Hello team :wave: . I have a problem that I'm tryi...
# troubleshooting
l
Hello team 👋 . I have a problem that I'm trying to think through. I added a bunch of thoughts around it in my thread above, but I'll summarise under this thread. Any help appreciated.
Consider the following segment partitioning configuration
Copy code
"segmentPartitionConfig": {
        "columnPartitionMap": {
          "customerId": {
            "functionName": "Murmur",
            "numPartitions": 10
          }
        }
      }
customerId gets logically partitioned into 10 buckets, but in my case, some of these buckets are hotter than others, as some customers produce a lot more data than others. This means that during batch ingestion, the entire pipeline gets congested (using flink, the flink connector can only do one segment at a time currently). Instead of having a 1:1 relationship of Partition -> Sink, I could have multiple sinks per partition. I am currently experimenting with this using the following approach. Let's say I have 10 partitions, and 40 sinks. With this configuration, I could assign 4 sinks per actual segment partition. The way to achieve this would be
Copy code
var sinksPerPartition = 40 / 10; // 4
var primaryPartition = murmur2(document.getCustomerId()) % 10; // 0 - 9
var secondaryPartition = murmur2(document.getRecordId()) % sinksPerPartition;

var finalPartition = primaryPartition * sinksPerPartition + secondaryPartition;
This would assign 4 sinks per actual partition, allowing me to scale ingestion for large customers.

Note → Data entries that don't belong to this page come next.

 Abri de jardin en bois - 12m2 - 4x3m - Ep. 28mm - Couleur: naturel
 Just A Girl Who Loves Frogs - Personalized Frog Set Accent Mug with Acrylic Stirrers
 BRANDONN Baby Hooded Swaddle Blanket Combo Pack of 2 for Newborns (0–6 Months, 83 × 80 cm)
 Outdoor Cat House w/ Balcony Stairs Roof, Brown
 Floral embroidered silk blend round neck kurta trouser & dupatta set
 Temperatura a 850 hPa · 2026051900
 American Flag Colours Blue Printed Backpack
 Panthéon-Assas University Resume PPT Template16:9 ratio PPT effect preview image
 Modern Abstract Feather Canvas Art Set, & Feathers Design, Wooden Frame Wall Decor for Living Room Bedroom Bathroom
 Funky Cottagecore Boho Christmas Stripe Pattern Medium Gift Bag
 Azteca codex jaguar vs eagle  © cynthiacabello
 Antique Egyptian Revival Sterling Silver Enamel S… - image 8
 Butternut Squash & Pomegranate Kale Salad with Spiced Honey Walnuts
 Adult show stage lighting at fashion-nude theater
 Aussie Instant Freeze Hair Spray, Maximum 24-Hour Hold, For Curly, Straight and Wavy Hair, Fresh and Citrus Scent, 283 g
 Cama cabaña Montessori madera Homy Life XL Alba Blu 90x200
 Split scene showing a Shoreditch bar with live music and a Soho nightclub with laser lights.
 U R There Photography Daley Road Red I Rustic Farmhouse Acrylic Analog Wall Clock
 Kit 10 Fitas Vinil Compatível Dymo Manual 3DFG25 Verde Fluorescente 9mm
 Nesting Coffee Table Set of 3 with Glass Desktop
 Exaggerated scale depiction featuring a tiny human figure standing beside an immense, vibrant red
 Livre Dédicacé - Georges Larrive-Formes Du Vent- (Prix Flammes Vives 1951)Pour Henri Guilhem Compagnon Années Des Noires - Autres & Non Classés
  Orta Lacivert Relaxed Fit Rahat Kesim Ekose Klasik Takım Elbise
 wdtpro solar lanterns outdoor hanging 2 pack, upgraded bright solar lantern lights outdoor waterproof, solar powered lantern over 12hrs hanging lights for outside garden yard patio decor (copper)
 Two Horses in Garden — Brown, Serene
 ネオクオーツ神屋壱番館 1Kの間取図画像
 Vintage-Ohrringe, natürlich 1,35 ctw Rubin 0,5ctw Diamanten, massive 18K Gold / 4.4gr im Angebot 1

However, there is one problem, and that is that for small customers, the amount of records per segment might end up very small. First of all, would this approach work in the first place? I guess even though this may work, it probably would be better to change the flink sink (https://github.com/apache/pinot/tree/master/pinot-connectors/pinot-flink-connector) to be able to build multiple segments concurrently, as this would have virtually the same benefit without having the limitation of potentially ending up with very small segments for some partitions.
Any thoughts on this?
m
Interesting. Both approaches make sense to me.